Agent and agentless systems, trust, and how to maintain it
Finally, this trust issue ties into the way that CrowdStrike and other EDR services operate through an agent-based model. CrowdStrike’s Falcon Sensor, the system that broke on Friday, is one such agent. In order to do their job, CrowdStrike’s agent needs to be on every system being protected, in order to detect malware, block exploits, and find indicators of attack. But in doing so, that strength can become a weakness. Every system with the Falcon Sensor installed was vulnerable to this flawed update, and all that were online to receive it were affected, 8.5 million of them. As we touched on above, Microsoft has associated the problem with its 2009 deal with the European Union, arguing that had CrowdStrike been only able to run in the user-space, rather than kernel level, such an incident could not occur. While some have tied a kernel panic issue that occurred on Linux machines running CrowdStrike’s Falcon Sensor in April, in some Red Hat and Debian linux distros, it appears that it was actually a Linux kernel bug operating in user-space that caused the problem. Rather than undercutting Microsoft’s claim, it seems to lend credence to it, as MacOS devices, which have not allowed third-party kernel access since 2020, were not affected.

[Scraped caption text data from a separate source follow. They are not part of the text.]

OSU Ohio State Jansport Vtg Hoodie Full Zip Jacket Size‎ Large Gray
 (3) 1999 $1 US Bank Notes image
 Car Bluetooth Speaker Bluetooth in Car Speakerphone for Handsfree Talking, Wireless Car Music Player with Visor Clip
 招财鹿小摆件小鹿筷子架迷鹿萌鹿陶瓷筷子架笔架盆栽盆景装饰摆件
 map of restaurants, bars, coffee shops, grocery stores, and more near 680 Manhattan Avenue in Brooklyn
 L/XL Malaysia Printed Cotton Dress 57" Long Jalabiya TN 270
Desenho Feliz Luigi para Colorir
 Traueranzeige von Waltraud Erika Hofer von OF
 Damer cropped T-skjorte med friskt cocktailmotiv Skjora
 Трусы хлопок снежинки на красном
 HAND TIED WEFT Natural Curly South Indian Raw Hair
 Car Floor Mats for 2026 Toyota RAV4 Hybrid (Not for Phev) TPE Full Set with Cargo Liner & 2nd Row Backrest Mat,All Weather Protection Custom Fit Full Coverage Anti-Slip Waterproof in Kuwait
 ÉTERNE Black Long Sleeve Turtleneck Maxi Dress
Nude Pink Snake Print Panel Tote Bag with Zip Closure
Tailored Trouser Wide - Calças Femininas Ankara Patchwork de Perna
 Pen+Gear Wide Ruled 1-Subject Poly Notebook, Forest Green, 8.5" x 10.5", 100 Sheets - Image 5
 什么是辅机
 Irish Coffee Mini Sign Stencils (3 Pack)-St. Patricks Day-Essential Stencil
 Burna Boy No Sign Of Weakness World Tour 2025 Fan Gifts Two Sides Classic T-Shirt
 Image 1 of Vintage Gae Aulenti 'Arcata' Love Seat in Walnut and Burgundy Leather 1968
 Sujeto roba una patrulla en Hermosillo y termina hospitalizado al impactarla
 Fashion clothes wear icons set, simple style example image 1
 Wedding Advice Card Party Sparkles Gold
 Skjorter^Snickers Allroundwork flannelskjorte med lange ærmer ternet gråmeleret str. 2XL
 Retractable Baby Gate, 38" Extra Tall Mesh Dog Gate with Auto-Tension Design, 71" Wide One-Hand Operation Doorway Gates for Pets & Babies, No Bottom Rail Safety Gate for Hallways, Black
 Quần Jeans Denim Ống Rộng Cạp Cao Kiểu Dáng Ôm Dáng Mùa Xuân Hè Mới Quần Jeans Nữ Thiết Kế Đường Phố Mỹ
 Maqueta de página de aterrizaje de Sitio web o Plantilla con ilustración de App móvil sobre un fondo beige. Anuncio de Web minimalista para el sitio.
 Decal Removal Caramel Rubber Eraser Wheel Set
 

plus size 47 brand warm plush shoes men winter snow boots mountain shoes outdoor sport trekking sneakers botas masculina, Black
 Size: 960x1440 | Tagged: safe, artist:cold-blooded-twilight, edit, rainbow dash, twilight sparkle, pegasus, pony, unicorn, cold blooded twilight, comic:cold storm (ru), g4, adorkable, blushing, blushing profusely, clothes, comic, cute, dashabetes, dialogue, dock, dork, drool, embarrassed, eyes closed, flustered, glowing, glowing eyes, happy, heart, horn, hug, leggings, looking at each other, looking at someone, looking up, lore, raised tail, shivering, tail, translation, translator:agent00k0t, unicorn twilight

While there will always be a need for agent-based models such as how CrowdStrike operates, there is potential for change in the wake of this incident. We may see a push by Microsoft to revert back to before its 2009 agreement in order to reclaim exclusive access to kernel-level operations, or we may see a shift in how much security teams are willing to trust third-party vendors to operate in that space, instead moving to a user-space level API model. Finally, another alternative exists, with not every system having a tool like the Falcon Sensor installed and instead providing agentless detection and remediation capabilities, in cases where that is a possibility.
Both options, agents, and agentless, require a significant amount of trust. Either in installing software from a trusted third-party vendor at an incredibly deep level across the enterprise, or trusting a third-party like SixMap to remotely access a system and deploy a patch to a production environment without using agents. It remains to be seen when we look back on this incident 5 years from now if there is a shift away from kernel-level access for security products and how much the security landscape evolves in terms of agent versus agentless approaches.